しかし6月2日に本能寺の変で信長が討たれると、敵地深くに進攻していた長可は一転して窮地に立たされた。6月8日には二本木の陣を払って越後国から撤退。軍議を開いて信長の仇を討つことを決定した。しかし信濃国衆にも信長死亡の報が伝わっており、長可配下の信濃国衆たちは出浦盛清を除いてほぼ全員が長可を裏切り、森軍を殲滅する為の一揆を煽動していた。これに対し長可はまず海津城の人質を逃がさぬように厳命し、入城後はただちに人質を連れて南進した。長可の家臣・大塚次右衛門が一揆と交渉したが、一揆衆は森勢の前に立ちふさがったため、長可は合戦を仕掛け勝利する。森軍は松本に到着すると人質を残らず処刑し木曽谷方面へと撤退した。唯一、撤退に協力した出浦盛清に長可は深く感謝し脇差を与えている。

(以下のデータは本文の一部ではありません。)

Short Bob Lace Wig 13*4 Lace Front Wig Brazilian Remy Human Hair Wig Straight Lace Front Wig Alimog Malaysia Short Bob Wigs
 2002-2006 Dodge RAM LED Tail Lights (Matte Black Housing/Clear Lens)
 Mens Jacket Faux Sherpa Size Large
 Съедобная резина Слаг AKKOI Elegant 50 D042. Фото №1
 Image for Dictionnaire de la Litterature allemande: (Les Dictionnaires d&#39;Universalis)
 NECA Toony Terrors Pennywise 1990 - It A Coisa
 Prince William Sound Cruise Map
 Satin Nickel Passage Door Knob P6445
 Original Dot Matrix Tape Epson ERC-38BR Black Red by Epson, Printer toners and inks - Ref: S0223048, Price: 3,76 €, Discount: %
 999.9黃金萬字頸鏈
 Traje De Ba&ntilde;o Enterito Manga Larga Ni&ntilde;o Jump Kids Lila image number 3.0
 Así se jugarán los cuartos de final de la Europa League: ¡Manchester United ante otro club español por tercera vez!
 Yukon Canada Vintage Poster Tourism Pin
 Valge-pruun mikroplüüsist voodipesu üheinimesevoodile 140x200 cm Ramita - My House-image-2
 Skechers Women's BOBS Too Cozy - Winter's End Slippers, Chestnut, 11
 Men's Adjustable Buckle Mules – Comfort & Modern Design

撤退途中に長可は「木曽福島城の木曾義昌も暗殺を画策している」という密告を城下で商売をしていた金山の商人から受けた。長可は敢えて木曽福島城を迂回せず、まずは到着日を書いた書状を義昌に送るとわざとそれより 1 日早い日取り、それも深夜遅くに城門を破城槌で破壊して木曽福島城に押し入るという策略を実行した。一気に乱入した家臣らは義昌の息子の岩松丸(後の木曾義利)の身柄を拘束し、暗殺の企みを封じた。翌日になり森軍は木曽福島城を後にしたが長可は岩松丸を拉致したまま解放せずそのまま帰路を無事に往く為の人質として利用している。東美濃入りした後も苗木遠山氏の遠山友忠などが暗殺を企てていたが、木曾家から手を出さぬようにと懇願された事で結局は手出しはされず森軍は無事に旧領の金山へと辿りついた。なお、安全圏に達したと判断した長可は金山に程近い大井宿でようやく岩松丸を解放している。
東美濃統一
天正10年(1582年)6月24日に無事に旧領への帰還を果たし、翌日には岐阜城に赴き織田信雄、信孝、三法師に挨拶し弔辞を述べたという。各務元正ら成利に与力として付けていた部下らと合流し旧領に復した長可であったが、元与力の肥田忠政・久々利頼興らが離反してその勢力は衰退しており、更に小里光明・妻木頼忠・遠山友忠・斎藤利堯らも長可の排斥を企むなど周囲は敵に囲まれた状態であった。そこで長可は敵に一致団結される前に各個撃破する事を決め、7月2日未明に肥田忠政の米田城を攻めた。忠政は病を患っていた為、同夜に加治田城の斎藤利堯を頼って落ち延びた。長可は7月3日の牛ヶ鼻砦での合戦を経て堂洞城跡に入り加治田城を攻めたが、これを落とすことは出来ず烏峰城に帰還した(加治田・兼山合戦)。しかし同年中に肥田忠政の病は重くなり加治田城で死去し、跡継は家臣の会議でも決まらなかった為、肥田家臣は離散し森家に属す者も多かった。長可は元家臣である大森城の奥村元広と上恵土城の長谷川五郎右衛門が信州から帰還しても森家に挨拶も使者も寄越さず、更に肥田忠政に内通したとして大森城を重臣の林為忠に攻めさせ、更に上恵土城を攻めた為、奥村元広は城を捨てて落ち延び、長谷川五郎右衛門は自害した [6] 。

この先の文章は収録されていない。